Treasury Secretary Timothy Geithner made a forceful case for muscular financial reform, saying before the American Enterprise Institute (AEI) on Monday, March 22, that the financial crisis was the result of lax attitudes and outdated policies.
In a speech in Washington hosted by AEI, the conservative think tank, Geithner said that the first reason for financial reform was that there was “something undeniably wrong with the economy.”
Laying the recent historical groundwork for reform, Geithner cited clear-cut reasons: The collapse of the vaunted American financial system and that a conservative Republican President, George W. Bush, was forced to have the government step in to aid the gigantic lenders Fannie Mae and Freddie Mac, ask for a bailout of the banking system, and to lend billions of dollars to automakers.

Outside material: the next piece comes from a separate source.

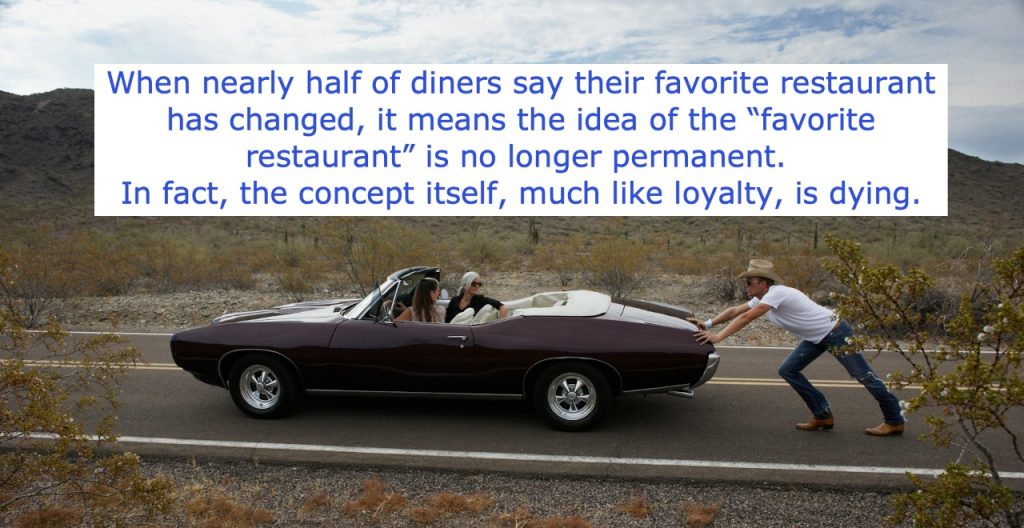 chljeffers's tweet image. The #Loyalty Breakdown and the Dissolving #Dining Distinctions | #MRM zurl.co/lPelg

Geithner blasted the lax attitudes on Wall Street and old, weakened government oversight rules that allowed bankers and mortgage brokers to evade regulations on an “appalling scale.”
In another reason for reform, Geithner attacked the market’s inability to police itself, pointing out that the “shadow banking system” ballooned to an untenable size because even though these financial firms were engaged in the business of banking, they were not being regulated as banks. Geithner said that this rogue banking system acted in full view of everyone and was allowed to grow as large as the real banking system. “That was market discipline in action,” Geithner commented sarcastically.
He said that the failure of the financial system required Congress to “enact the strongest, most important financial reforms since those that followed the Great Depression.”